* [Activity]: Give again the lines from the line with "localisation de l'entreprise" to the last line of the records, exactly and in full. Do not carry over any pictures.

[[ Supplied entries, beginning ]]

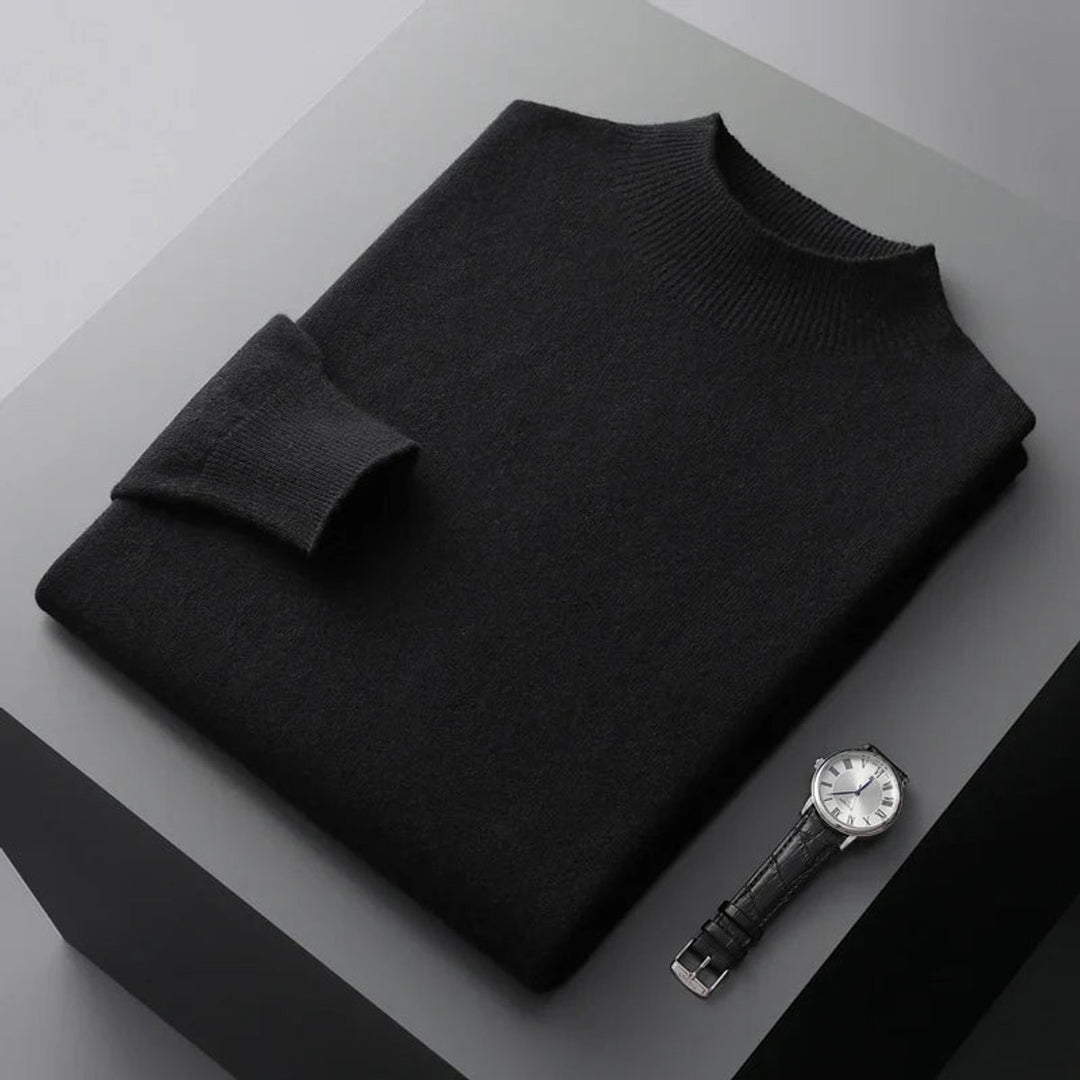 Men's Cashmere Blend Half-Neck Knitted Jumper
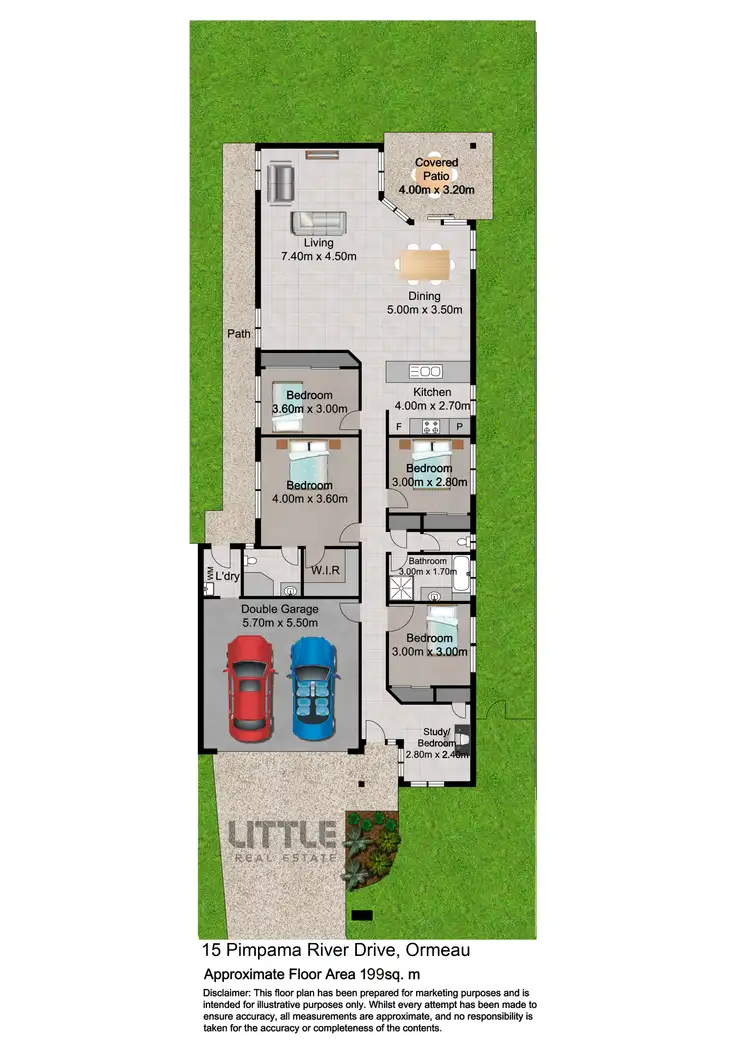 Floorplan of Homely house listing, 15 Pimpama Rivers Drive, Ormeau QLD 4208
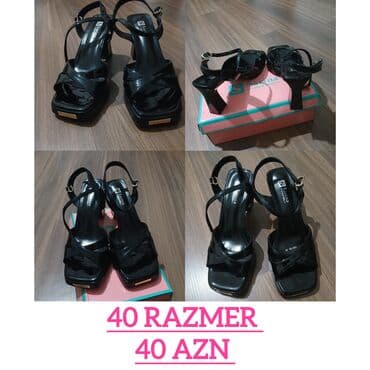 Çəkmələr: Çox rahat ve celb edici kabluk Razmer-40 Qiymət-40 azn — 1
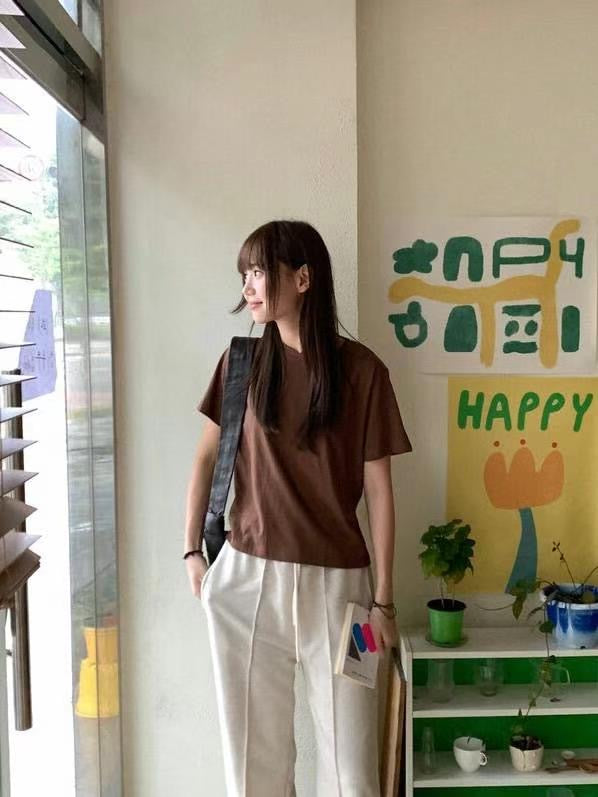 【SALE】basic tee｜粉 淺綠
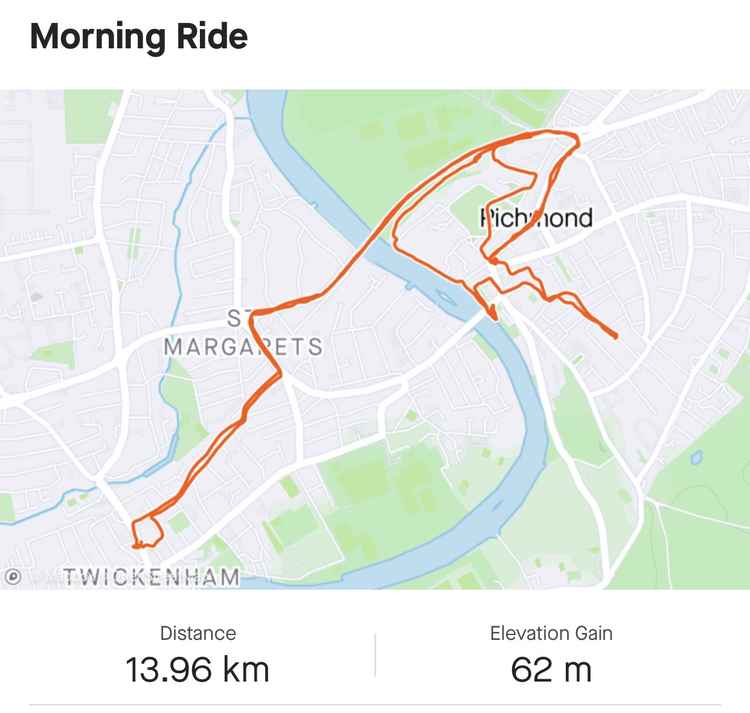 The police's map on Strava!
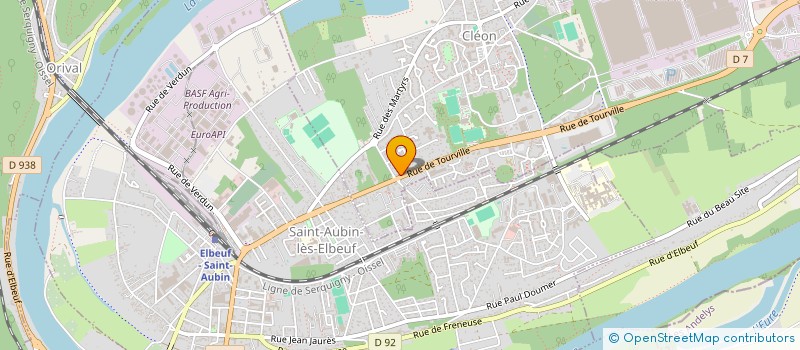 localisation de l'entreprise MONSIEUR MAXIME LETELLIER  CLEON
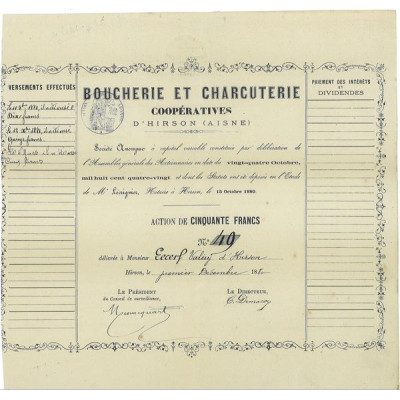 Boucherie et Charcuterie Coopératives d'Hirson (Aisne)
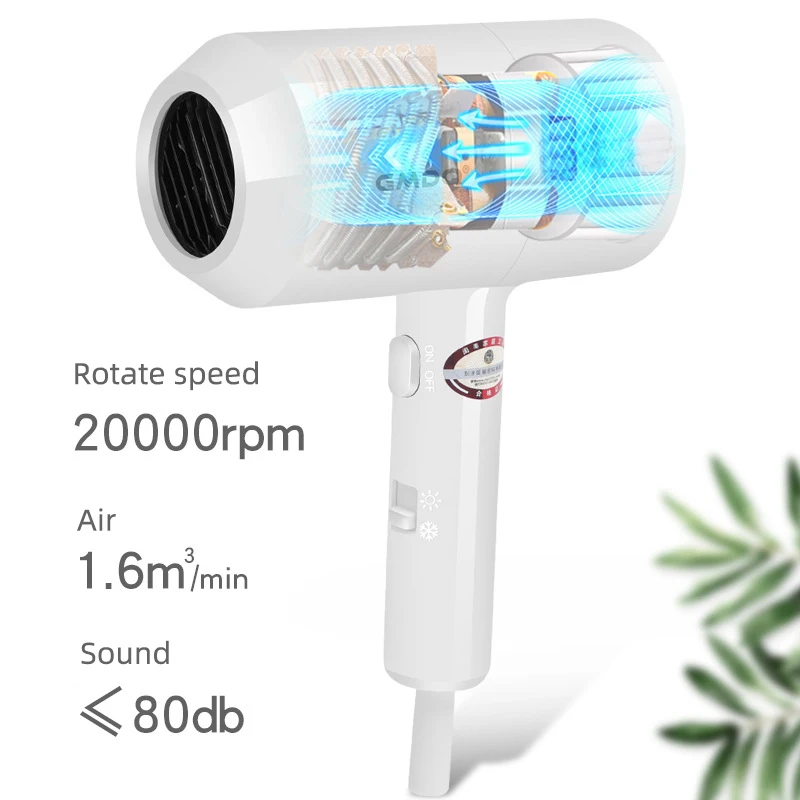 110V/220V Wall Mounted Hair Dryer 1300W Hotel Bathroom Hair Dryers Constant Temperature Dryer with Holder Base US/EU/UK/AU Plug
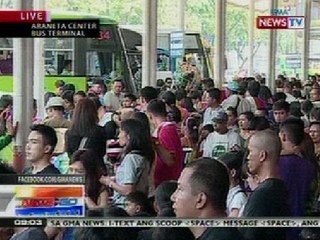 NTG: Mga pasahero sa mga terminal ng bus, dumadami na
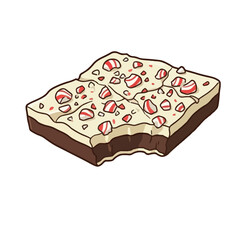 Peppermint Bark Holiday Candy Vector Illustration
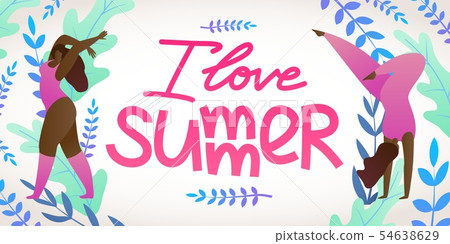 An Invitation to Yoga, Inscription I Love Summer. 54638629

[[ Supplied entries, end ]]

* [Solution to the exercise]:
 localisation de l'entreprise MONSIEUR MAXIME LETELLIER  CLEON
 Boucherie et Charcuterie Coopératives d'Hirson (Aisne)
 110V/220V Wall Mounted Hair Dryer 1300W Hotel Bathroom Hair Dryers Constant Temperature Dryer with Holder Base US/EU/UK/AU Plug
 NTG: Mga pasahero sa mga terminal ng bus, dumadami na
 Peppermint Bark Holiday Candy Vector Illustration
 An Invitation to Yoga, Inscription I Love Summer. 54638629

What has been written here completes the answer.